The Pilot News is a six-day-a-week daily newspaper serving Plymouth, Indiana, United States, and the surrounding area, with a circulation of 4,435. Covering local news and sports both online and in print, it delivers Monday through Saturday throughout Marshall County.

It has five sister papers. These include three weekly papers delivered each Thursday: Heartland News, delivered in the towns of Nappanee, Wakarusa, Bremen, Bourbon; Culver Citizen in the town of Culver; and The Leader throughout Starke County. There are also two shopper products: The Shopper, delivered Saturday/Sunday throughout Marshall County; and The Review, delivered Tuesday throughout Starke County.

The Valparaiso Vidette Messenger and the Rushville Republican published stories on The Pilot News 100th birthday on July 31, 1951, detailing how it was one of only twelve daily newspapers in Indiana when it was first established.

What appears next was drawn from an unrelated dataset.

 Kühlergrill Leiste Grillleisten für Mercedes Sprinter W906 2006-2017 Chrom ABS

The Pilot was founded in 1851 by John Q. Howell. It had the odd quirk of publishing its first issue as number 13, which was explained by Howell as an effort to retain continuity of numbering with his previous paper, the Rochester Republican.

The Pilot announced its politics as Jacksonian, but pledged to "never descend to that abuse of our opponents in Opinion which is too often resorted to by partizan Presses." Howell moved his paper form Rochester to Plymouth when some townspeople in Plymouth offered him $200 to relocate.

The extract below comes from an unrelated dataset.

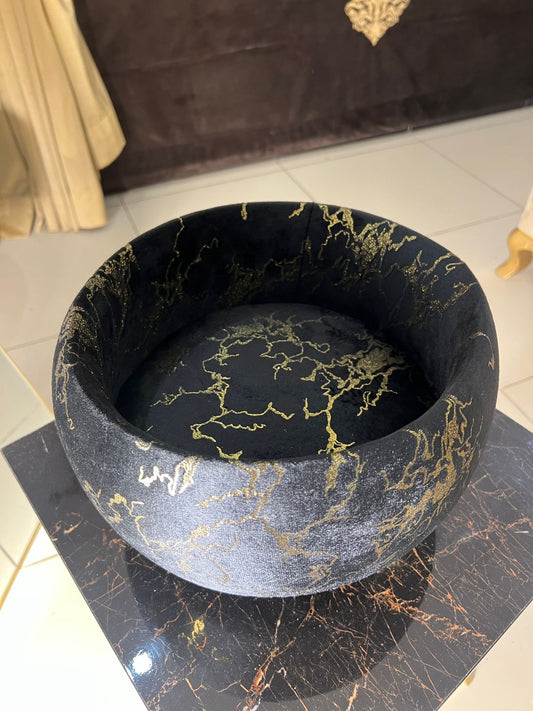 Printed Handmade Velvet Hotpot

The Pilot has since gone through multiple owners and many different names, and ultimately switched from being a Democratic paper to a Republican one. It returned to its original name after the merger of the Plymouth Pilot and the Plymouth News in 1947. Under a unique arrangement, the Republican Pilot initially published a copy under the News name and masthead with all the articles the same, but the editorial content from a Democratic perspective.

The paper was sold to Park Newspapers in March 1977. In 2003, Horizon Publications purchased it from Community Newspaper Holdings. It had a location sales volume of $1,702,000 as of September 2018.